Given data>
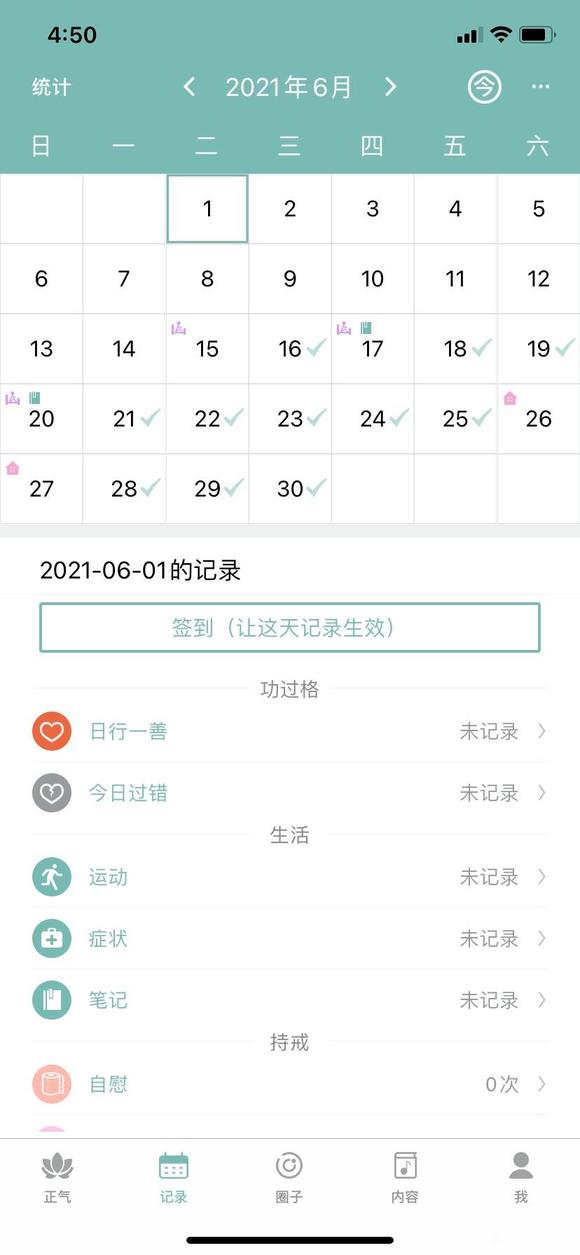 ”sy13年，已婚，现状，戒油子一年半，避免不了和老婆同房，同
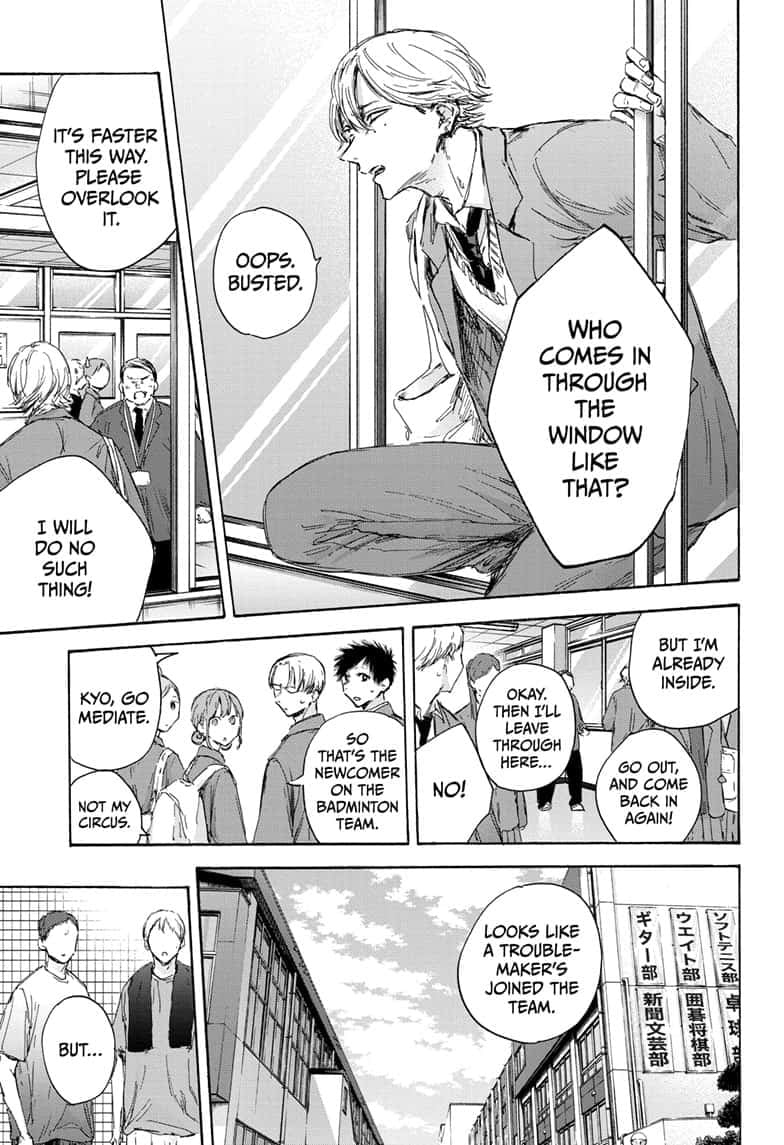 Read Blue Box (EN) Manga Online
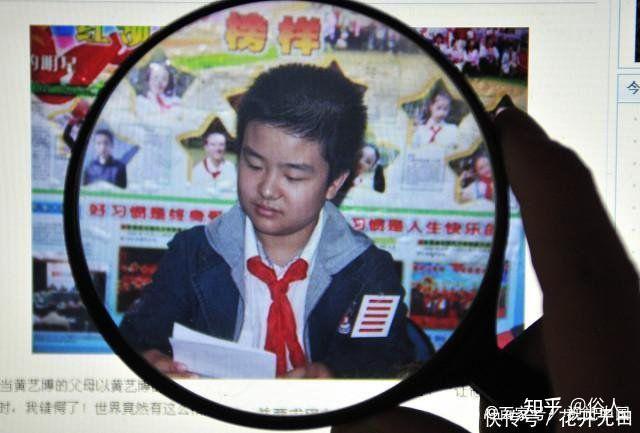 当年那个名噪一时的五道杠少年,如今却沦为路人甲,现状令人唏嘘 - 知乎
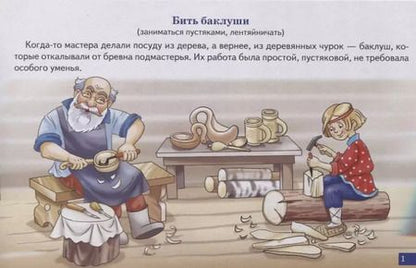Фотография книги "Обучающие карточки "Шиворот-навыворот. Фразеологизмы""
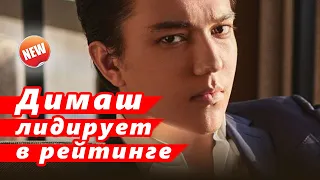 🔔 Димаш Кудайберген победил в турецком музыкальном рейтинге (SUB)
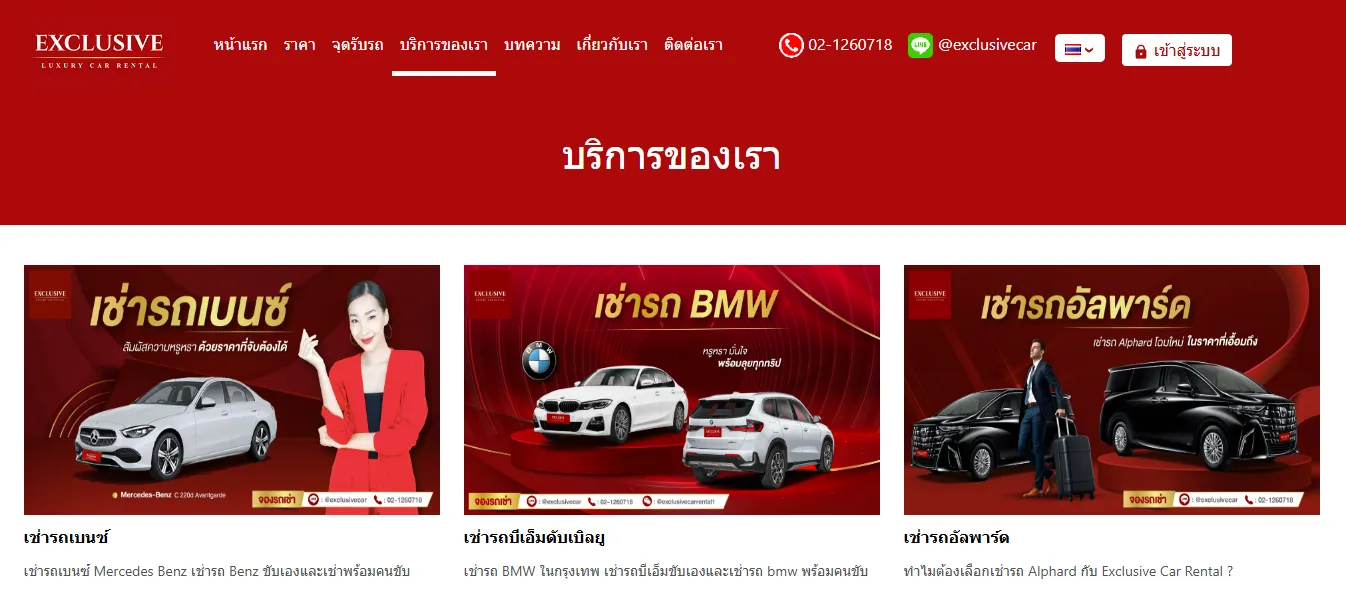 บริการเช่ารถ เว็บไซต์ Exclusive Car Rental เช่ารถรังสิต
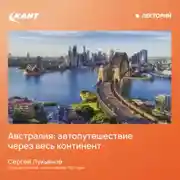 Постер книги Австралия: автопутешествие через весь континент
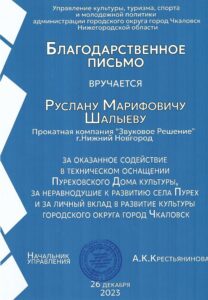 Техническое оснащение ДК Пурех 2023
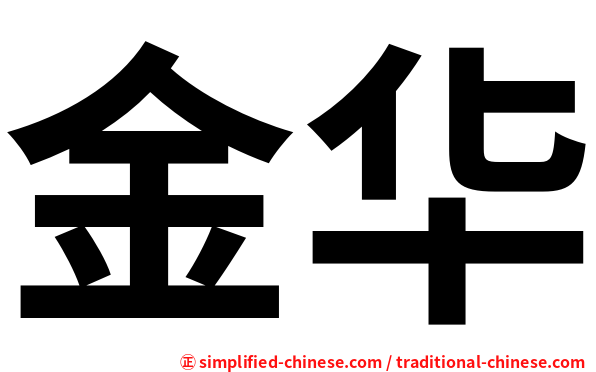 金华
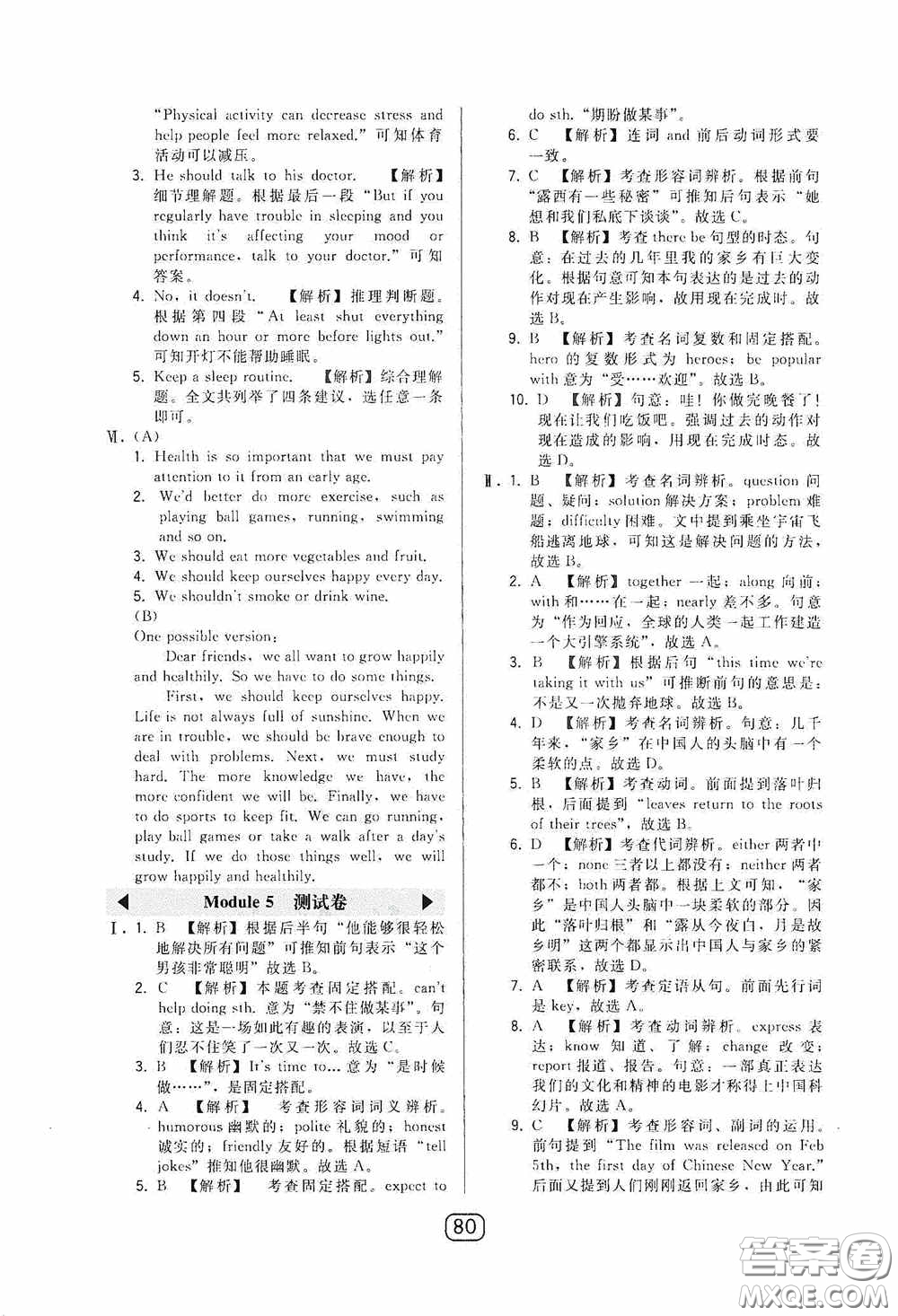 東北師范大學(xué)出版社2020北大綠卡課時(shí)同步講練八年級(jí)英語下冊外研版答案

Directions for this task>
The pictures stay out; please reproduce everything else in the entries exactly.

Answer to this exercise>
 ”sy13年，已婚，现状，戒油子一年半，避免不了和老婆同房，同
 Read Blue Box (EN) Manga Online
 当年那个名噪一时的五道杠少年,如今却沦为路人甲,现状令人唏嘘 - 知乎
Фотография книги "Обучающие карточки "Шиворот-навыворот. Фразеологизмы""
 🔔 Димаш Кудайберген победил в турецком музыкальном рейтинге (SUB)
 บริการเช่ารถ เว็บไซต์ Exclusive Car Rental เช่ารถรังสิต
 Постер книги Австралия: автопутешествие через весь континент
 Техническое оснащение ДК Пурех 2023
 金华
 東北師范大學(xué)出版社2020北大綠卡課時(shí)同步講練八年級(jí)英語下冊外研版答案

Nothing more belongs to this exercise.